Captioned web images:
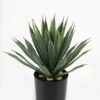 Artificial Tree 40cm Maguey in PP pot 34 lvs GS-59523099CONTI_1 Artificial Tree 40cm Maguey in PP pot/34 lvs GS-59523099CONTI Tree&Plant YeahFlower is one of Chinese leading OEM manufacturers and exporters , supplying the silk flowers, wholesale artificial trees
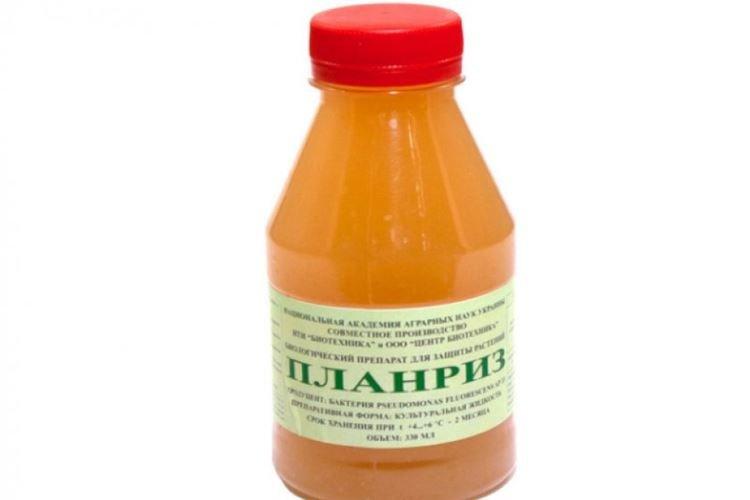 Планриз - Обработка розы от мучнистой росы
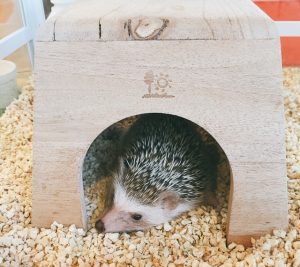 ハリネズミがなつく方法と慣れるまでの期間について
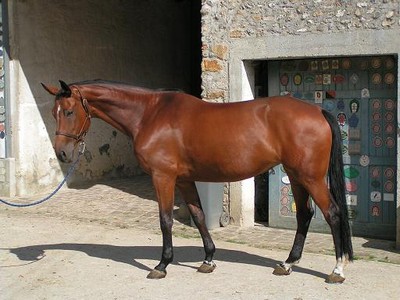 Photo de profil de varois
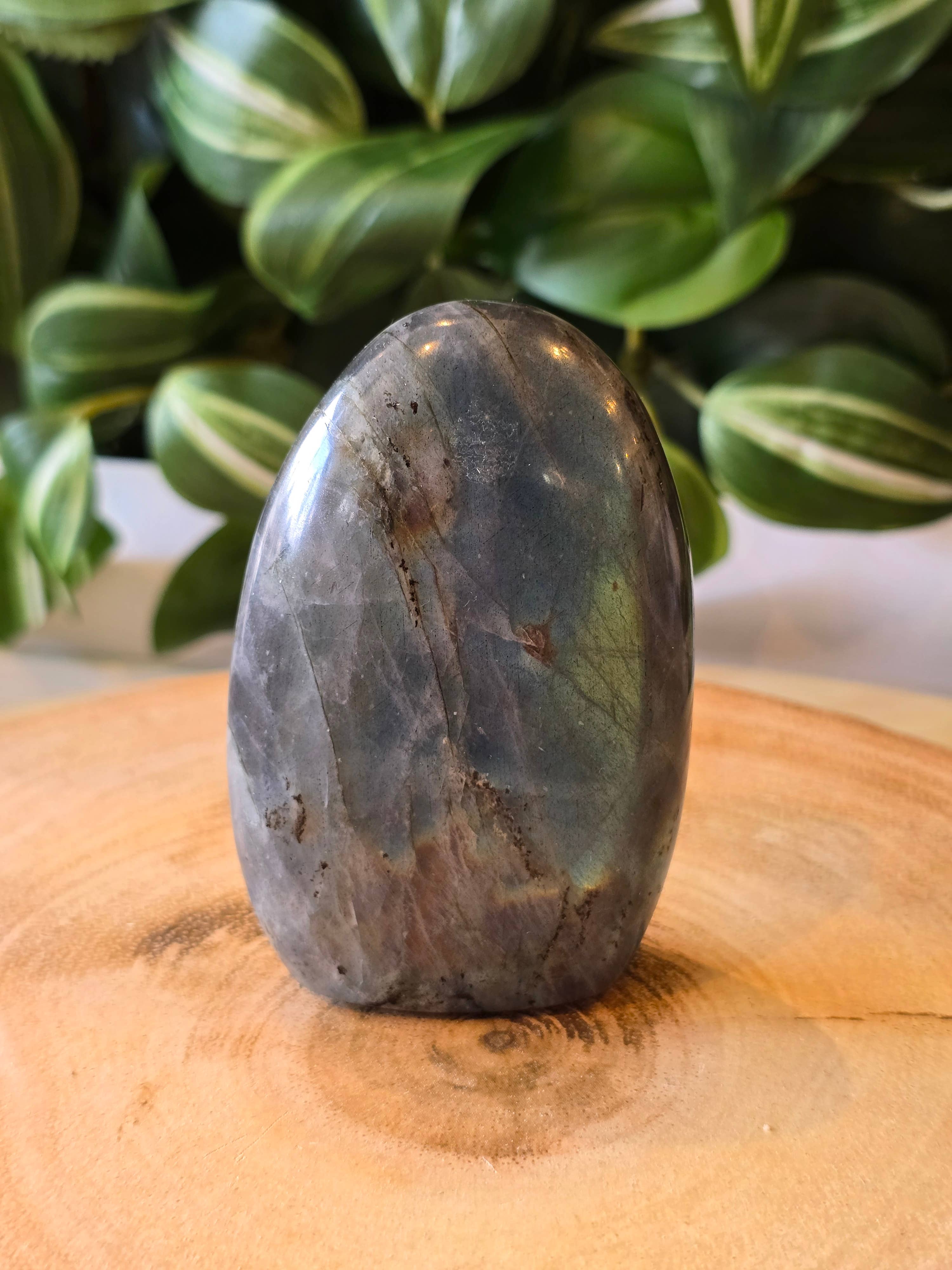 Crystal Cove Minerals – wholesale Spiritual stone/crystal – Labradorite Freeforms3
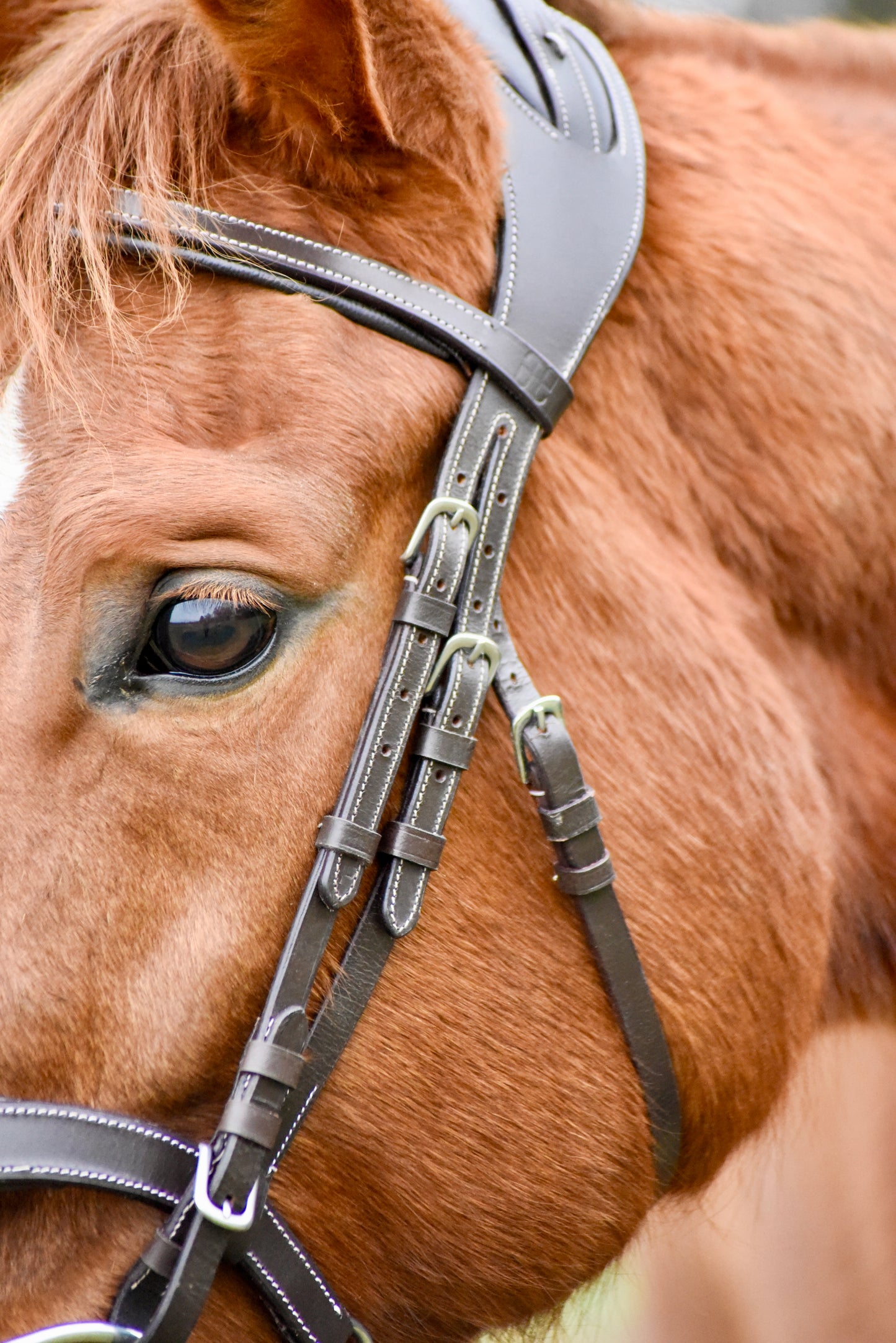 The Casquino Snaffle Bridle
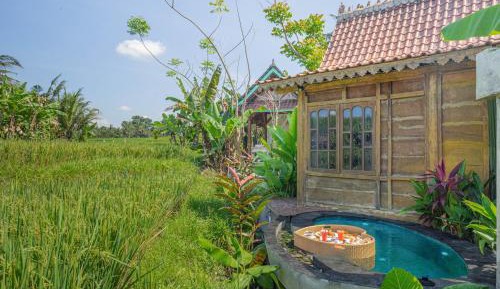 Deluxe Bungalow with Plunge Pool and Rice Field View
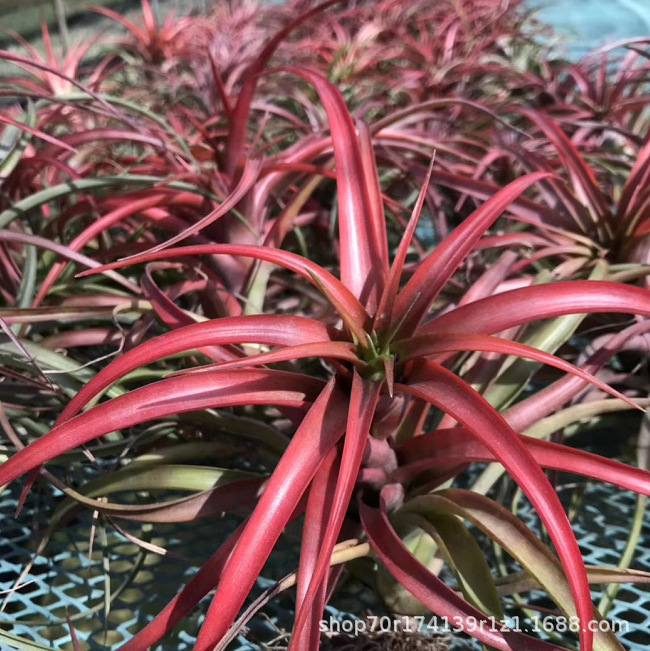 Factory Direct Air Tillandsia Soilless Plants Air Plants Becali Wholesale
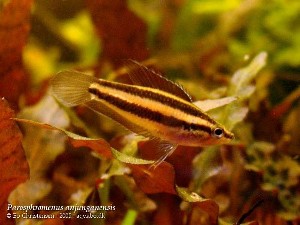 Parosphromenus anjunganensis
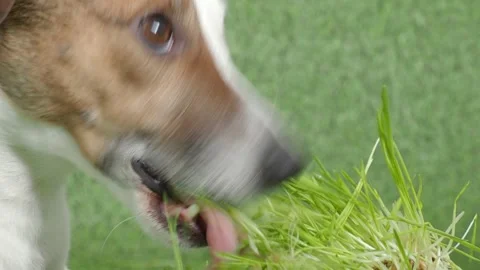 Jack Russell dog eats grass, vitamins Stock Footage 150091080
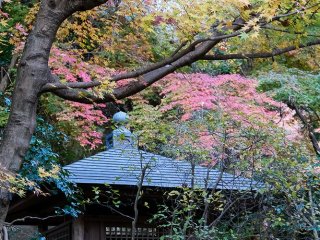 Autumn leaves, Meigetsuin Temple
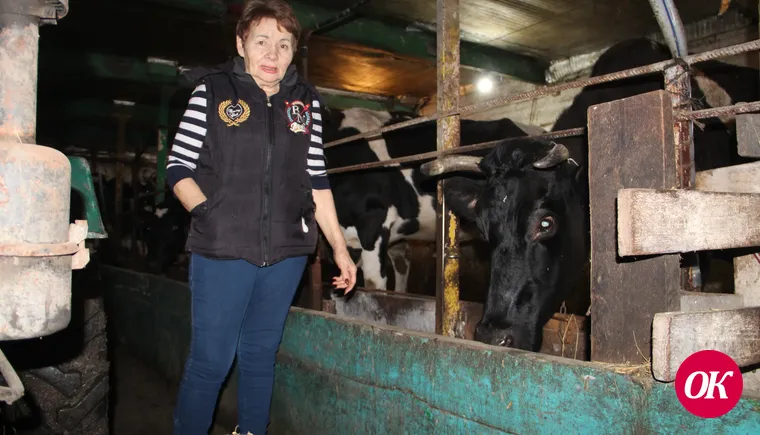 В Краснодарском крае каждую третью субботу февраля отмечают День животновода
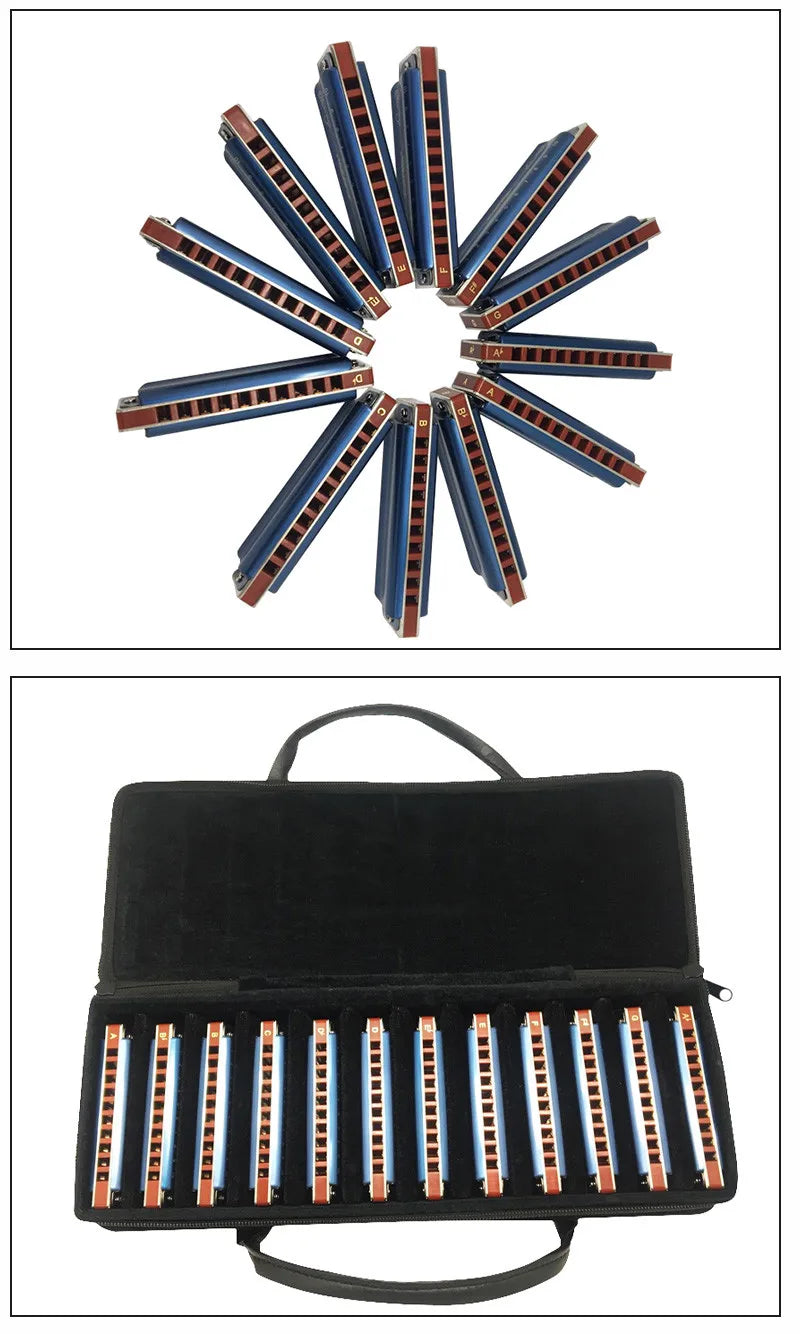 12-Piece Diatonic Blues Harmonica Set 10-Hole 12 Keys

» WHAT THE TASK ASKS: Copy the records exactly, leaving out every picture.

» RESPONSE AREA:
 Artificial Tree 40cm Maguey in PP pot 34 lvs GS-59523099CONTI_1 Artificial Tree 40cm Maguey in PP pot/34 lvs GS-59523099CONTI Tree&Plant YeahFlower is one of Chinese leading OEM manufacturers and exporters , supplying the silk flowers, wholesale artificial trees
 Планриз - Обработка розы от мучнистой росы
 ハリネズミがなつく方法と慣れるまでの期間について
 Photo de profil de varois
 Crystal Cove Minerals – wholesale Spiritual stone/crystal – Labradorite Freeforms3
 The Casquino Snaffle Bridle
 Deluxe Bungalow with Plunge Pool and Rice Field View
 Factory Direct Air Tillandsia Soilless Plants Air Plants Becali Wholesale
 Parosphromenus anjunganensis
 Jack Russell dog eats grass, vitamins Stock Footage 150091080
 Autumn leaves, Meigetsuin Temple
 В Краснодарском крае каждую третью субботу февраля отмечают День животновода
 12-Piece Diatonic Blues Harmonica Set 10-Hole 12 Keys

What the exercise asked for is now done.